YOUR OBJECTIVE: Every picture should be left out, but the lines below must be repeated exactly.

SUPPLIED INFORMATION:
= = = =

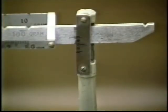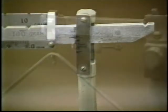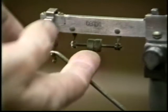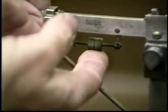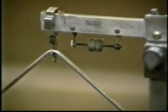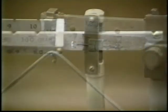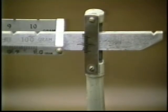The balance is not zeroed when the line on the beam is above the center line on the support. Adjust the zeroing screws to zero the balance — it might help to hold the beam while you are turning them. The balance is zeroed when the line on the beam lines up with the center line on the support.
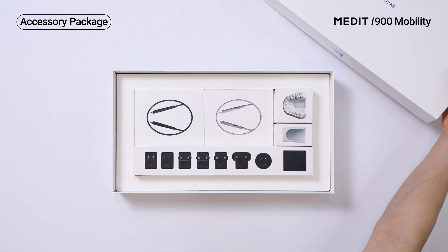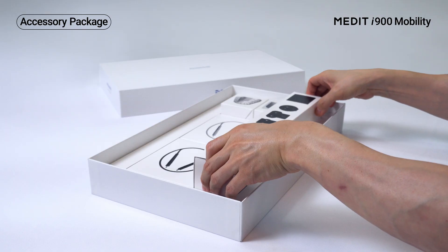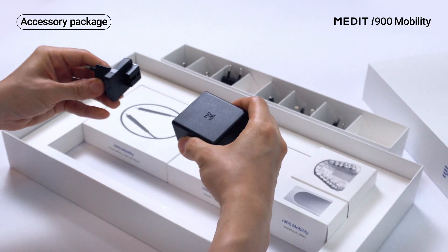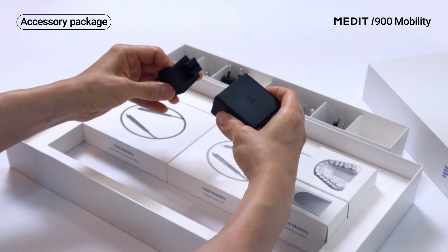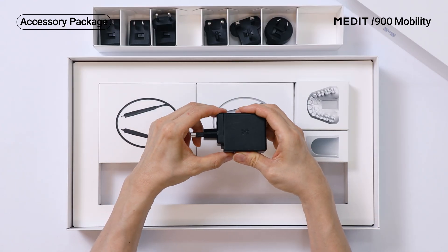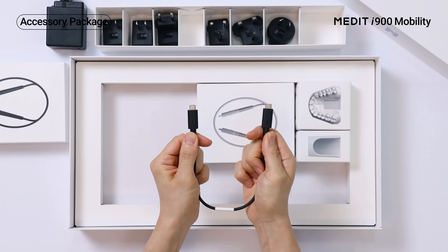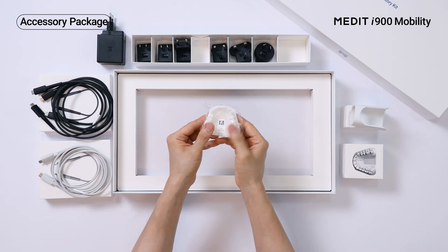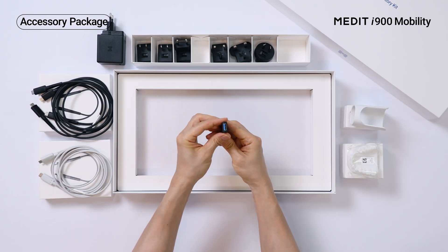Now let's check the accessory package. Here's a power adapter with seven connector types — it's compatible across multiple countries and environments. It also includes two power delivery cables and a charging cable, wall mount holder, practice model, and USB flash drive.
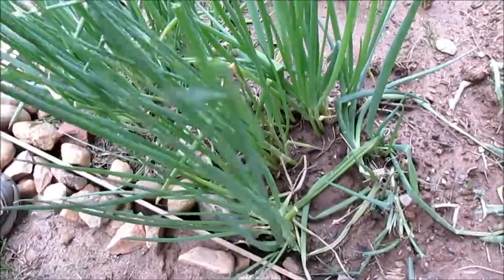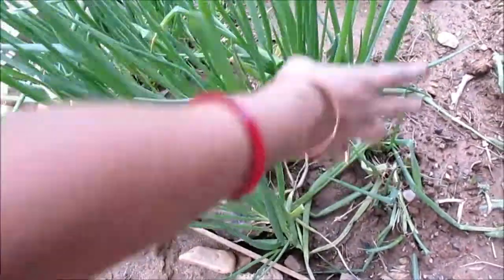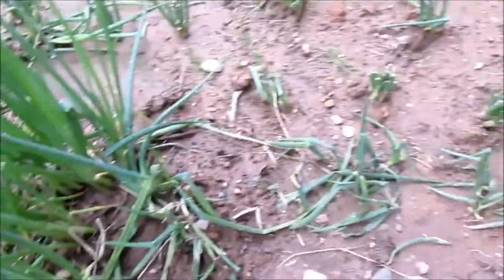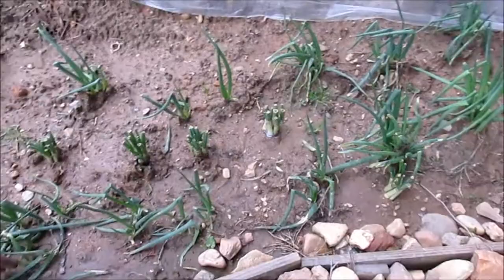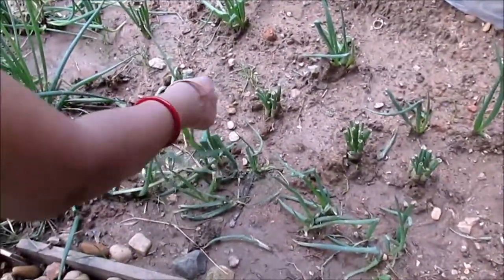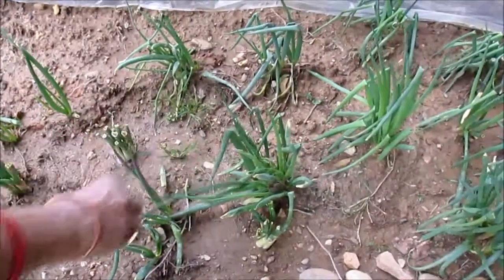Here I'm going to show you little updates on my spring onions — these are the scallions. You can see how they are coming up really good. I planted the seeds and some of them are transplants from the bottom, and they're really coming up nicely.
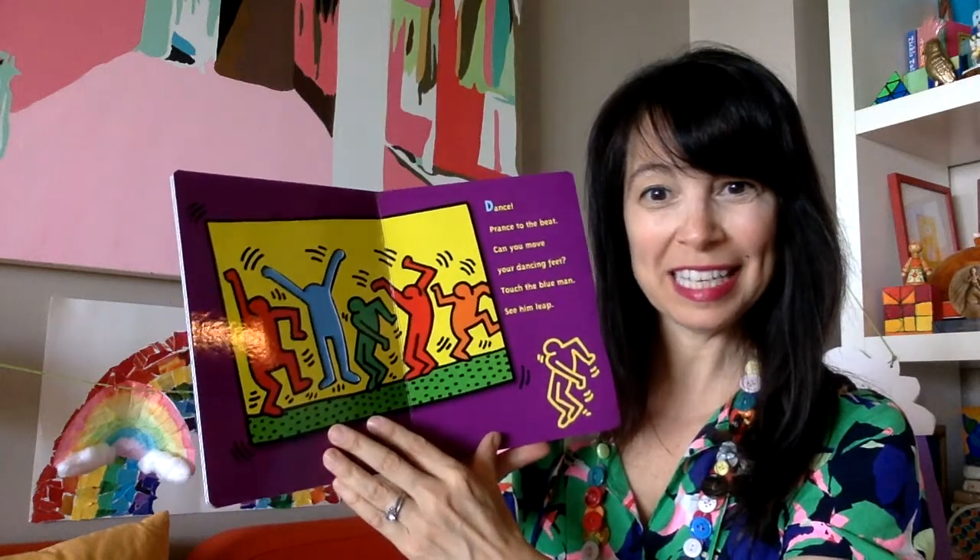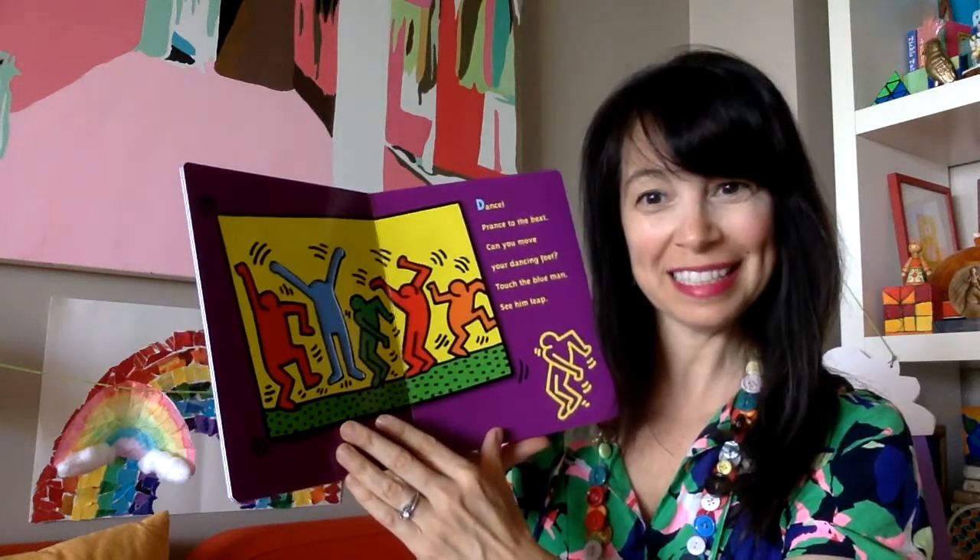Dance, prance to the beat. Can you move your dancing feet? Touch the blue man, see him leap.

= = = =

SOLUTION TO THIS TASK:
The balance is not zeroed when the line on the beam is above the center line on the support. Adjust the zeroing screws to zero the balance — it might help to hold the beam while you are turning them. The balance is zeroed when the line on the beam lines up with the center line on the support.
Now let's check the accessory package. Here's a power adapter with seven connector types — it's compatible across multiple countries and environments. It also includes two power delivery cables and a charging cable, wall mount holder, practice model, and USB flash drive.
Here I'm going to show you little updates on my spring onions — these are the scallions. You can see how they are coming up really good. I planted the seeds and some of them are transplants from the bottom, and they're really coming up nicely.
Dance, prance to the beat. Can you move your dancing feet? Touch the blue man, see him leap.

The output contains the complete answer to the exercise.